▸ WHAT THIS TASK INVOLVES
Repeat the full listing below verbatim and keep the images out.
#### DATA PROVIDED
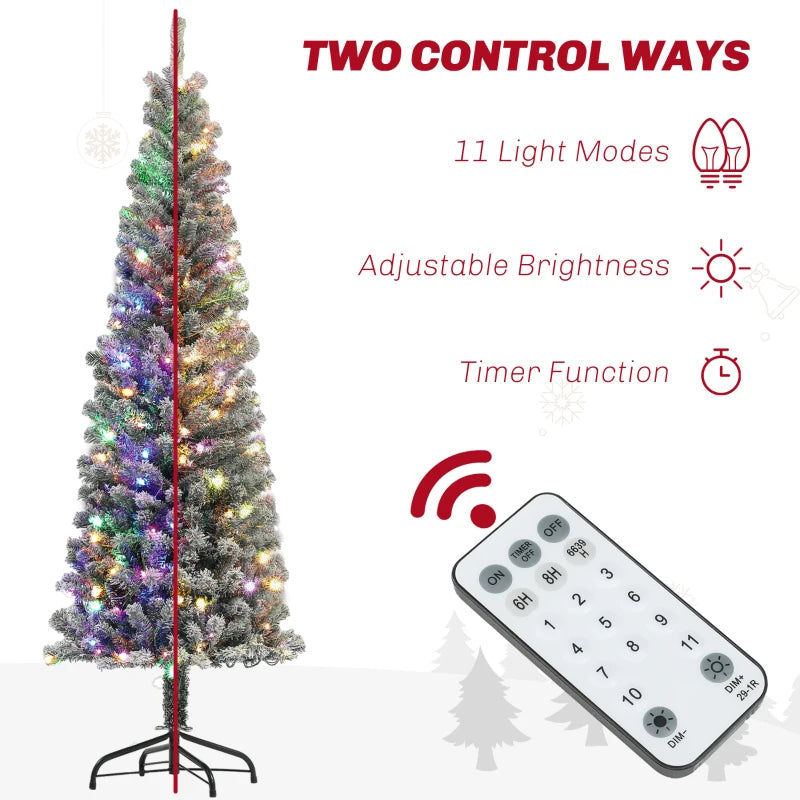 HOMCOM 6FT Prelit Pencil Christmas Tree with Remote, Slim Artificial Flocked Xmas Tree with Dual-Colour LED Lights, 429 Tips & Metal Stand 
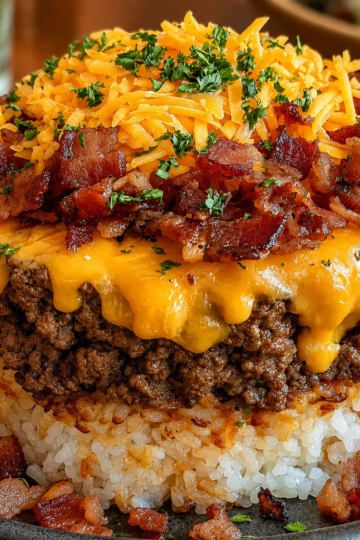 Bacon Cheeseburger Rice Stack made with seasoned ground beef, fluffy rice, melted sharp cheddar cheese, and crispy bacon, served as a layered comfort food dinner with a golden cheesy topping.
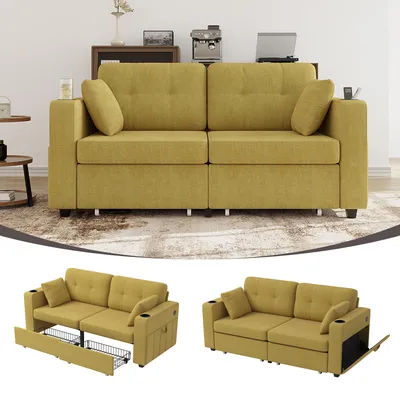 Produktbild von Moderne Polstercouch mit versteckten Fächern, 2-Sitzer Sofa mit Stauraumschubladen, USB Ladeanschluss, Getränkehalter & Seitentaschen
########
▸ WRITTEN RESPONSE
 HOMCOM 6FT Prelit Pencil Christmas Tree with Remote, Slim Artificial Flocked Xmas Tree with Dual-Colour LED Lights, 429 Tips & Metal Stand 
 Bacon Cheeseburger Rice Stack made with seasoned ground beef, fluffy rice, melted sharp cheddar cheese, and crispy bacon, served as a layered comfort food dinner with a golden cheesy topping.
 Produktbild von Moderne Polstercouch mit versteckten Fächern, 2-Sitzer Sofa mit Stauraumschubladen, USB Ladeanschluss, Getränkehalter & Seitentaschen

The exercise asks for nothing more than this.